Data for this exercise |
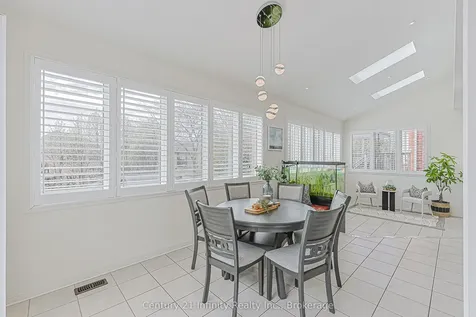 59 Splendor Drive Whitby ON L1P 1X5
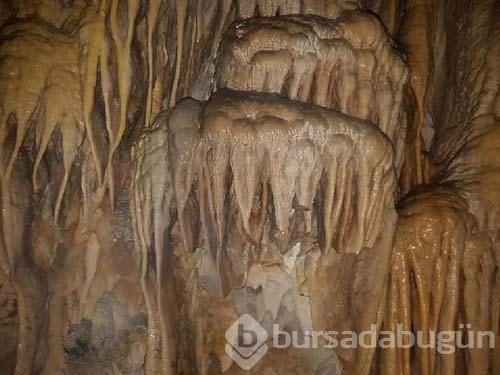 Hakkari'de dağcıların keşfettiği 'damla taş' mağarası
--
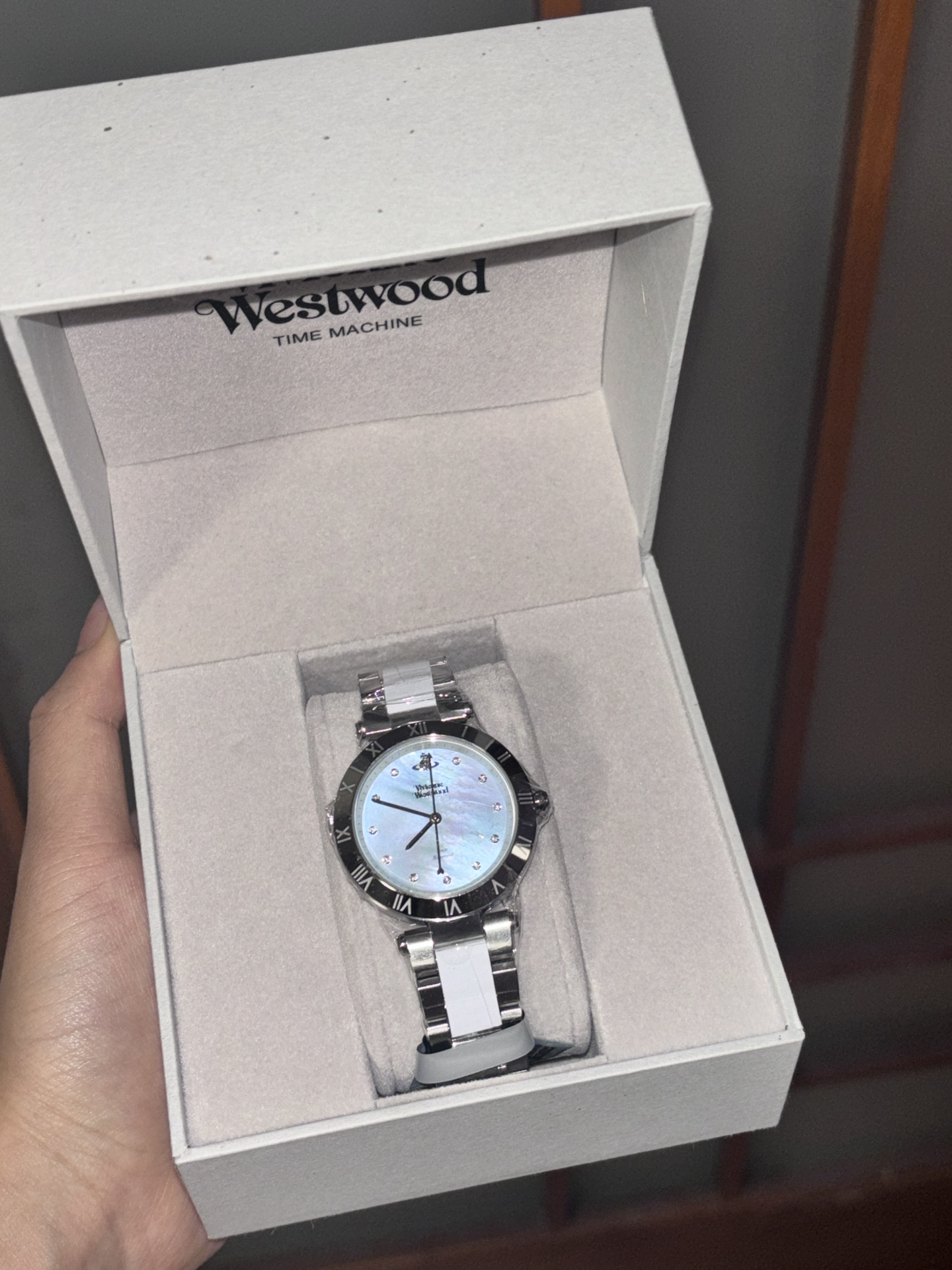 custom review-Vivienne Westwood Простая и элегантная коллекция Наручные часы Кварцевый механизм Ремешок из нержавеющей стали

Exercise | Beginning with the line above that contains "59 Splendor Drive Whitby ON L1P 1X5" and finishing with the line that contains "Hakkari'de dağcıların keşfettiği", print those lines exactly and only. Skip all pictures.

Output for this task |
 59 Splendor Drive Whitby ON L1P 1X5
 Hakkari'de dağcıların keşfettiği 'damla taş' mağarası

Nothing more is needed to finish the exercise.